• [ABOUT THIS EXERCISE]:
Leave the pictures out. Retype exactly the lines below from the one containing "Gymax Wall-Mounted Drop-Leaf" through the one containing "Ello Duraglass Meal", and no others.

• [PROVIDED INFORMATION]:
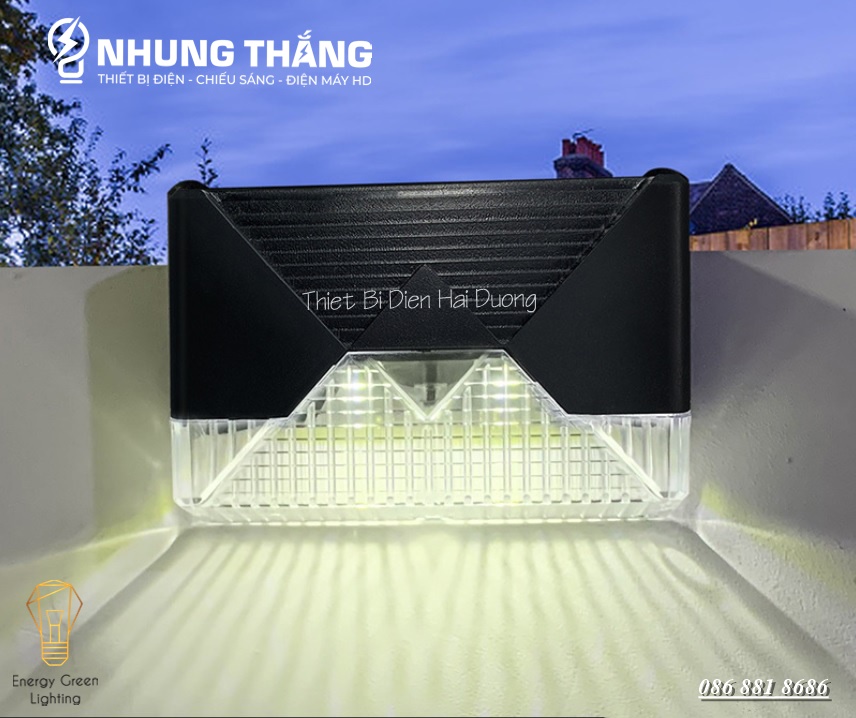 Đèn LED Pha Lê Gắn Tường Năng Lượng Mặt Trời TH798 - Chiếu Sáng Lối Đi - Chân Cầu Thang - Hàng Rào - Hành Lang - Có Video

* * *

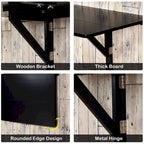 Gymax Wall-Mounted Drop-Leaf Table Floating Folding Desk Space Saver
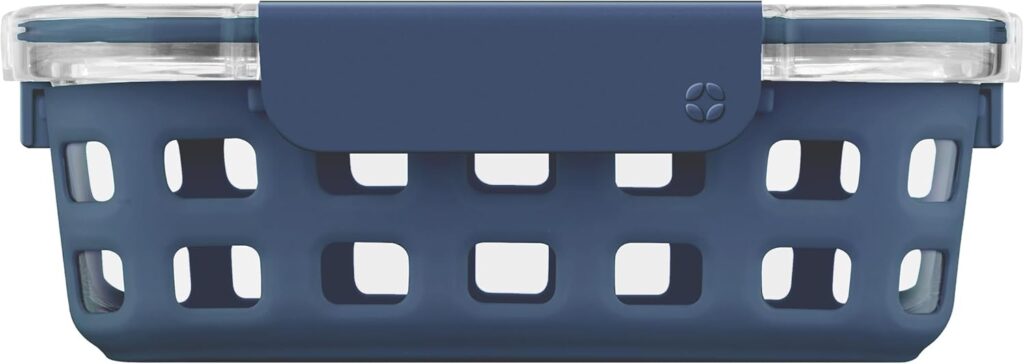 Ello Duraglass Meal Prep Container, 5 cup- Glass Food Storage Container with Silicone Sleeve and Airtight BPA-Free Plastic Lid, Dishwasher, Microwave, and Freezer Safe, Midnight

...

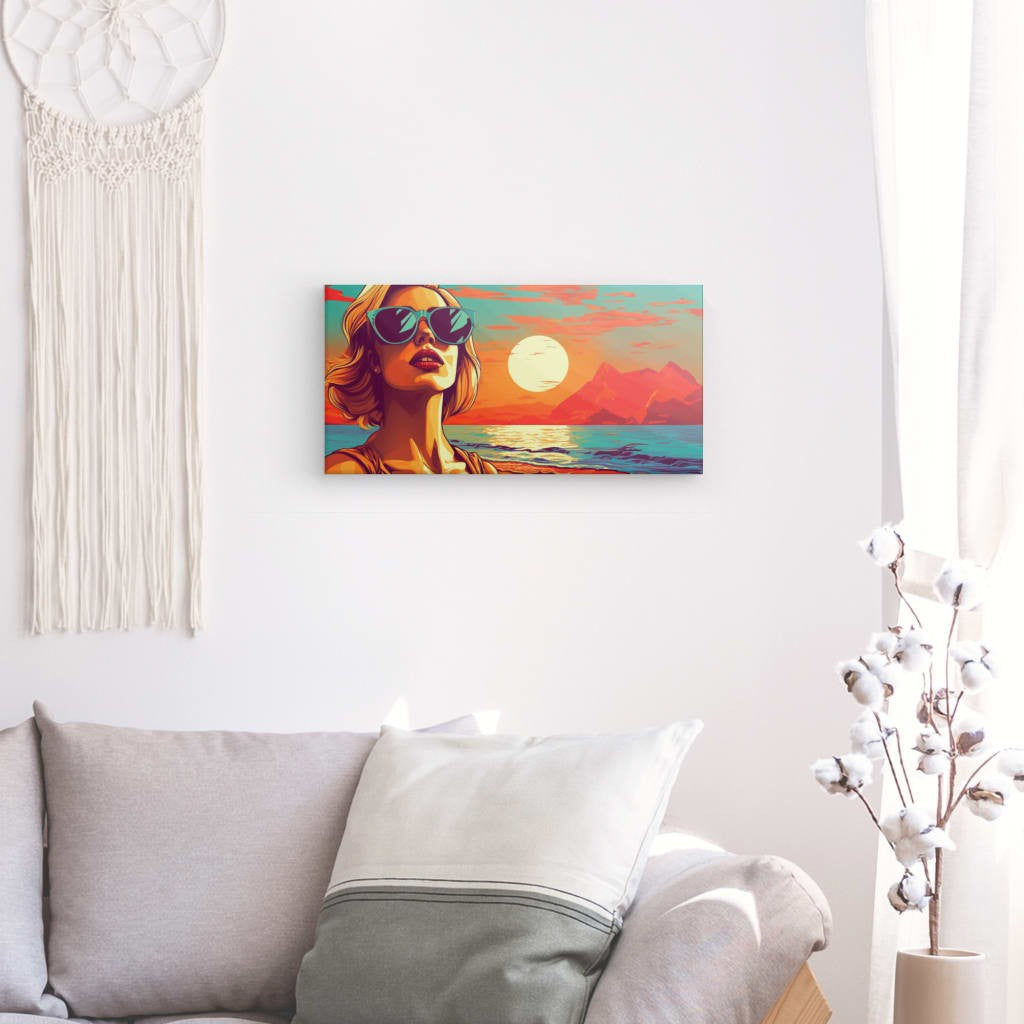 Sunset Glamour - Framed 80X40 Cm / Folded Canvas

• [WRITTEN SOLUTION]:
 Gymax Wall-Mounted Drop-Leaf Table Floating Folding Desk Space Saver
 Ello Duraglass Meal Prep Container, 5 cup- Glass Food Storage Container with Silicone Sleeve and Airtight BPA-Free Plastic Lid, Dishwasher, Microwave, and Freezer Safe, Midnight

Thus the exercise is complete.